Speaking of breaks, we did have a few lovely ones while in Chicago.  We took the boys to the Bristol Renaissance Faire for Fynn’s birthday, where he rather obsessively hunted for weapons to buy … he’s working on a post about it so I’ll leave the details to him!  We also were invited to several delicious barbecues, loaned (and given!) stacks of books for Douglas to devour (thanks Sue!), taken to awesome fireworks, found kindred spirits for our boys to hang out with, haunted Starbucks, were treated to dinner by Mom and Dad many times, shipped the boys off with the lovely Su for a day, and to my brother’s family for couple other days (thanks Rene!).  I also snuck away for a couple evenings with friends, catching up after way too long, but picking up right where we left off. 

We ended up staying an extra day longer than our (already revised) plan, and took the boys to the Museum of Science and Industry, which delighted me just as much as it did 30 years ago when I first went.  Michael spent a crazy long time in one of the stairwells, where a little exhibit of working gears (that likely was already there 30 years ago) gave him a bunch of ideas for his birdwing project.

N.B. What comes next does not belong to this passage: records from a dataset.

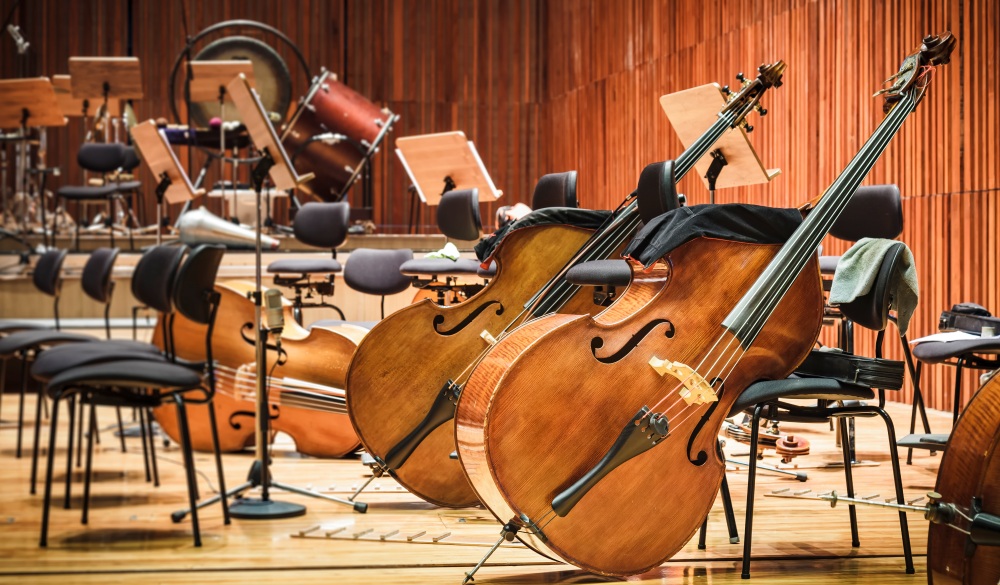 Cello Music instruments on a stage, Boston Historical Site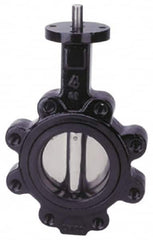 Apollo - 6" Pipe, Lug Butterfly Valve - Bare Stem Handle, Cast Iron Body, Buna-N Seat, 200 WOG, PTFE Disc, Stainless Steel Stem - Benchmark Tooling
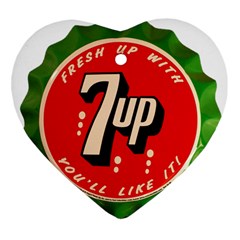 Fresh Up With  7 Up Bottle Cap Tin Metal Ornament (heart)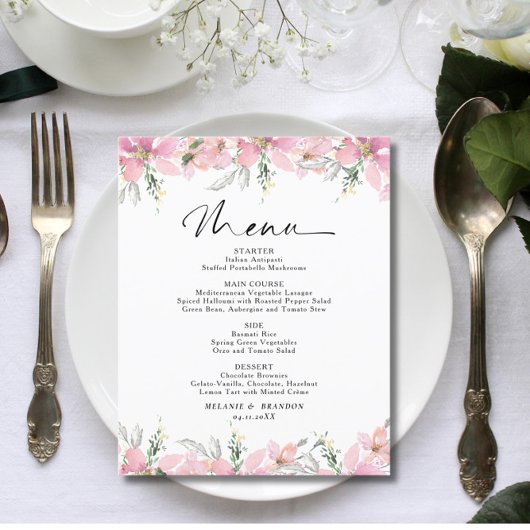 Menu Mariage floral rose budget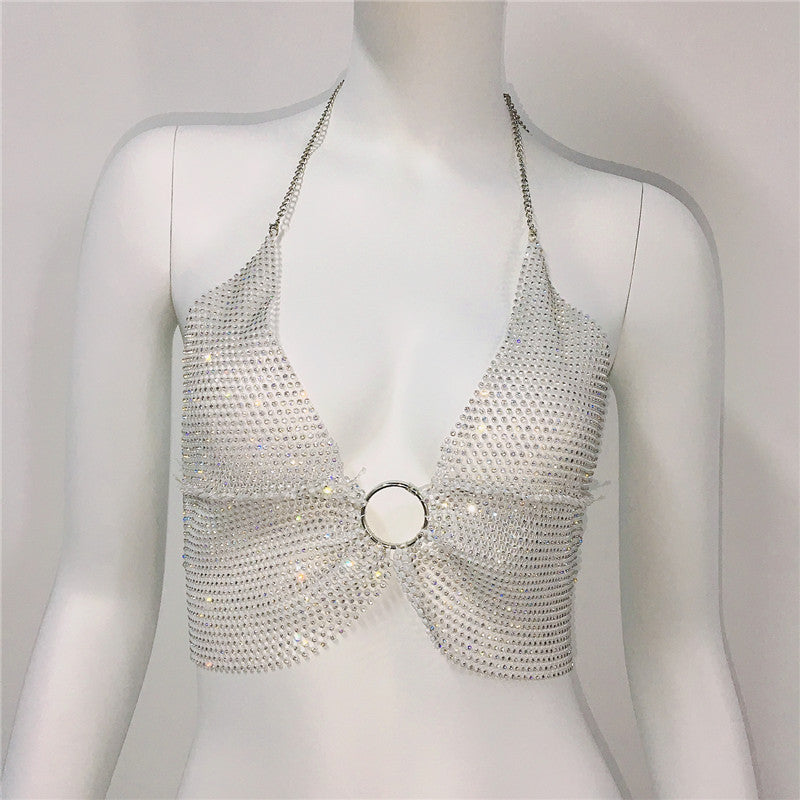 Red Elastic Diamond Suspender Style Fashion Bra Women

Every evening we could stay home was spent curled up on the couch in my parent’s living room, reminiscing over popsicles and yogurt, and staying up past everyone’s bedtime to the point that one night Mom and I ended up in giggle fits over the retelling of some trip debacle that happened in Bolivia when I was a kid, involving well-filled airsick bags and crabby customs officials … the memories are golden, and the sharing of them at this point even sweeter.  I’ll suck the marrow out of every evening that I can, and even when I’m not there physically, a part of my heart is still parked in that living room, waiting for the turn of a page, the delight of a comment or shared glance, and the chance to say “Goodnight Mom, I love you.”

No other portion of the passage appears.